Capabilities

CORE SERVICES

Caiman Energy's core capabilities include gas gathering, compression, treating and conditioning, processing, transportation and fractionation. Value-added services include handling flowback and produced water, carbon dioxide sequestration, crude oil gathering and handling, lease and facility fuel gas supply and "back office" services including gas marketing for producers and gas supply for end users.

Our goal is to create value for our customers by providing the rapid and reliable delivery of gas produced at the wellhead to end-use markets. We are focused on building strong, collaborative relationships with producers to ensure that our customers have the necessary infrastructure and flow assurances in place at the right time in alignment with drilling schedules and critical business concerns.

Our roots are in natural gas gathering and processing where our senior management team has more than 120 years of experience. We are experts at gathering and processing gas in rapidly developing, unconventional resource plays.

More than 75 percent of the gas in the United States requires some form of processing or treating. As natural gas is produced at the wellhead, we gather and deliver it through pipelines to a central processing plant. There we separate natural gas liquids (NGLs) from the gas stream to meet long-haul pipeline specifications. These include ethane, propane, butane and other NGLs. Separated NGLs are transported by pipeline to our fractionation facilities for further separation. Caiman works closely with the nation's foremost marketers to provide our customers with dependable take-away service to wholesale and retail markets.

IN THE MARCELLUS

An enormous capital investment will be required in the Marcellus Shale for this area to realize its full potential. The liquids-rich acreage in the Marcellus is 3,000 to 5,000 square miles, roughly the same size of the Barnett Core.
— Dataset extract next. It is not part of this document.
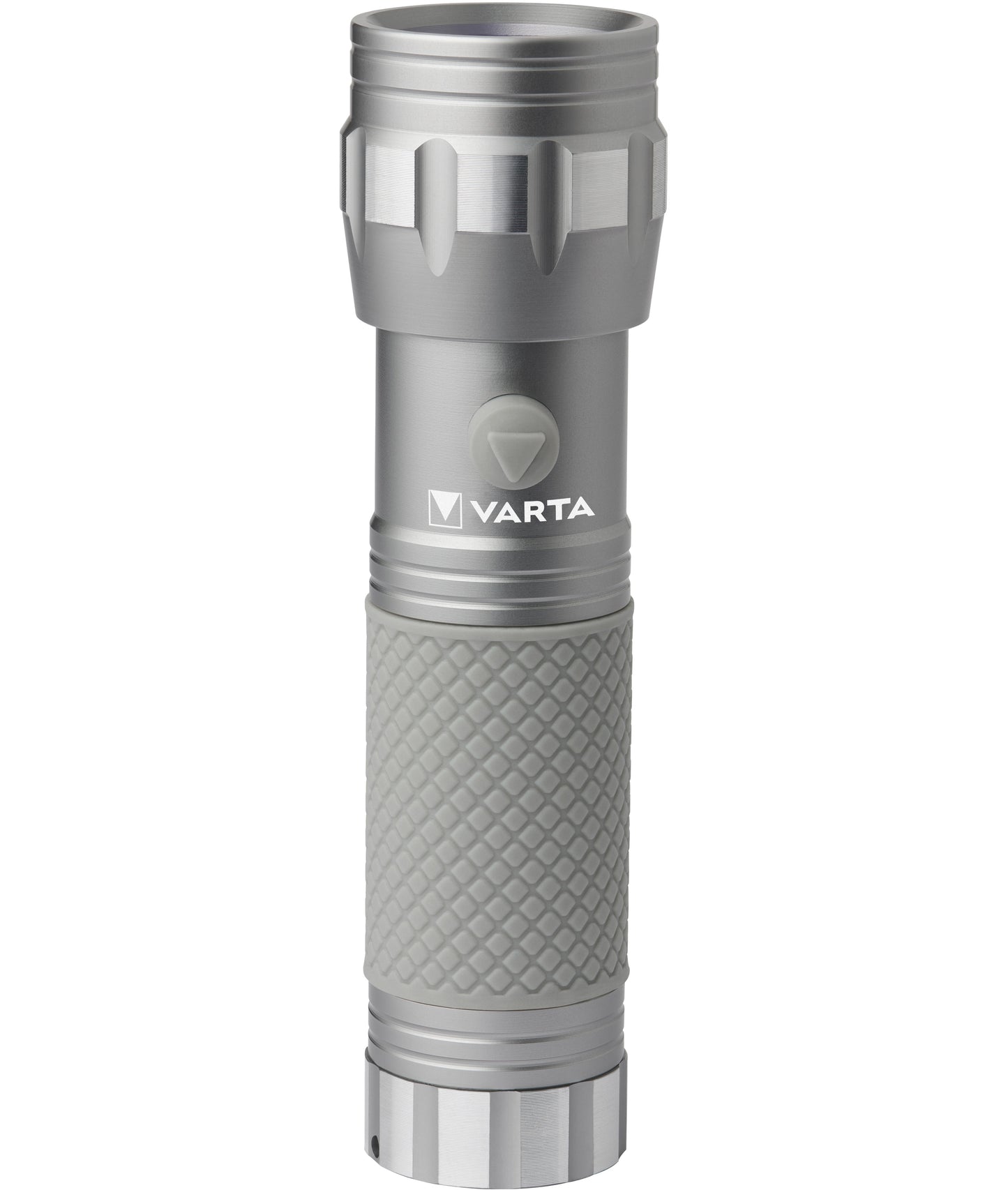 Varta UV-LED-Taschenlampe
Adequate midstream infrastructure is needed to bring natural gas liquids to market and maximize producer netbacks.

By the end of 2014, Caiman Energy expects to have invested more than $1.3 billion for new infrastructure in the Marcellus. Our total dedicated acreage in the rich gas areas of the Marcellus is more than 160,000 acres. Including dedications in the lean gas areas of Pennsylvania and West Virginia, Caiman has close to 500,000 acres of Marcellus acreage dedicated to its midstream operations.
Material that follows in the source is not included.